15.3.2018   

NL

Publicatieblad van de Europese Unie

L 73/27


BESLUIT VAN HET GEMENGD COMITÉ VAN DE EER

NR. 152/2016

van 8 juli 2016

tot wijziging van bijlage IX (Financiële diensten) bij de EER-overeenkomst [2018/374]
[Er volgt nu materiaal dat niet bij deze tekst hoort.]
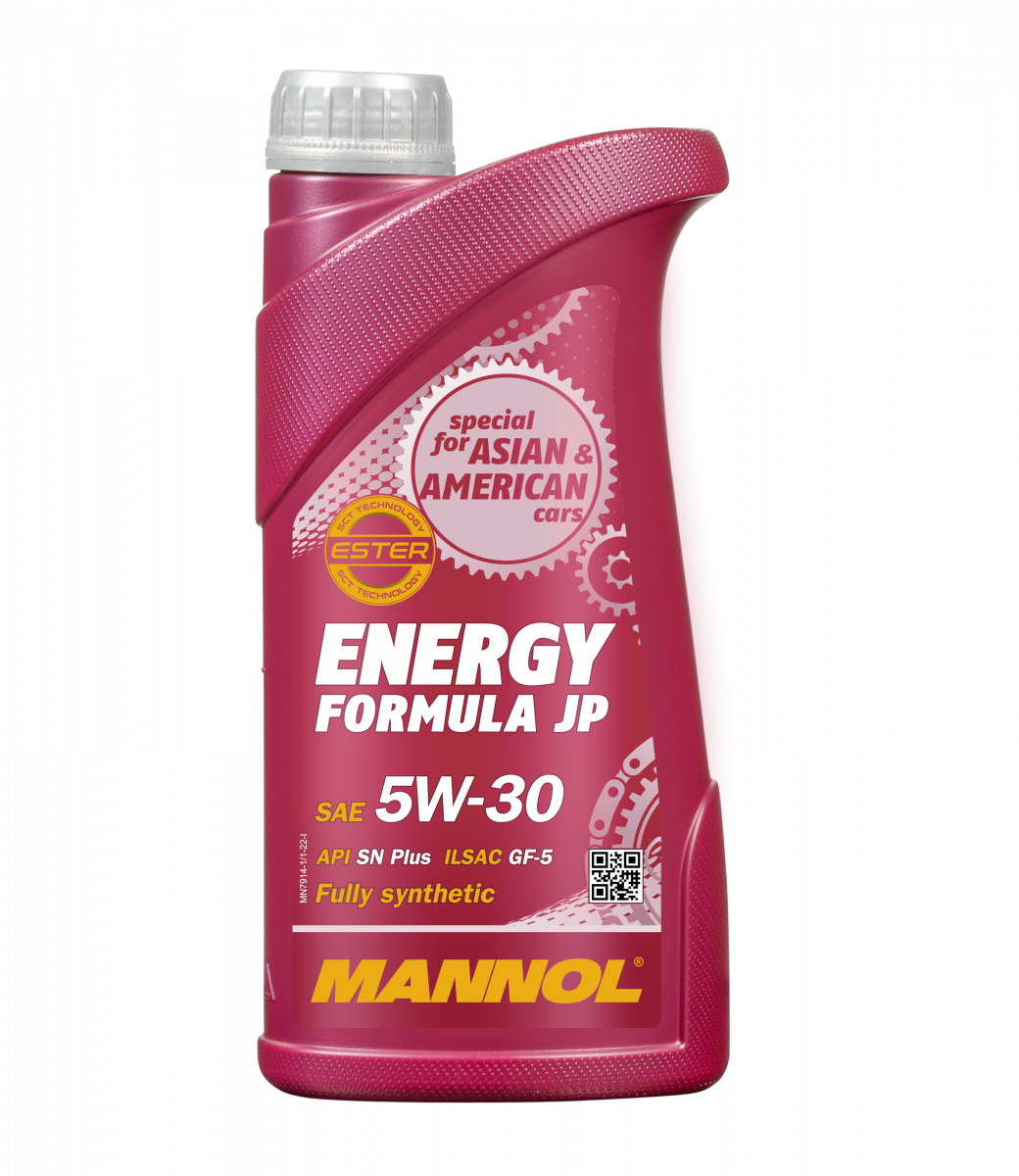 фото Моторное масло MANNOL Energy Formula JP 5W-30 7914, 1л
HET GEMENGD COMITÉ VAN DE EER,

Gezien de Overeenkomst betreffende de Europese Economische Ruimte (hierna de „EER-overeenkomst” genoemd), en met name artikel 98,

Overwegende hetgeen volgt:

(1)

Gedelegeerde Verordening (EU) 2015/1605 van de Commissie van 12 juni 2015 tot wijziging van Verordening (EG) nr. 1569/2007 waarbij ter uitvoering van de Richtlijnen 2003/71/EG en 2004/109/EG van het Europees Parlement en de Raad een mechanisme wordt opgezet voor het nemen van een besluit over de gelijkwaardigheid van standaarden voor jaarrekeningen die door effectenuitgevende instellingen van derde landen worden toegepast (1), moet in de EER-overeenkomst worden opgenomen.

(2)

Bijlage IX bij de EER-overeenkomst moet derhalve dienovereenkomstig worden gewijzigd,

HEEFT HET VOLGENDE BESLUIT VASTGESTELD:

Artikel 1

In bijlage IX bij de EER-overeenkomst wordt in punt 29e (Verordening (EG) nr. 1569/2007 van de Commissie) het volgende streepje toegevoegd:

„—

32015 R 1605: Gedelegeerde Verordening (EU) 2015/1605 van de Commissie van 12 juni 2015 (PB L 249 van 25.9.2015, blz. 3)”.

Artikel 2

De in het EER-supplement bij het Publicatieblad van de Europese Unie bekend te maken teksten in de IJslandse en de Noorse taal van Gedelegeerde Verordening (EU) 2015/1605 zijn authentiek.

Artikel 3

Dit besluit treedt in werking op 9 juli 2016, op voorwaarde dat alle in artikel 103, lid 1, van de EER-overeenkomst bedoelde kennisgevingen hebben plaatsgevonden (*1).

Artikel 4

Dit besluit wordt bekendgemaakt in het EER-gedeelte van en in het EER-supplement bij het Publicatieblad van de Europese Unie.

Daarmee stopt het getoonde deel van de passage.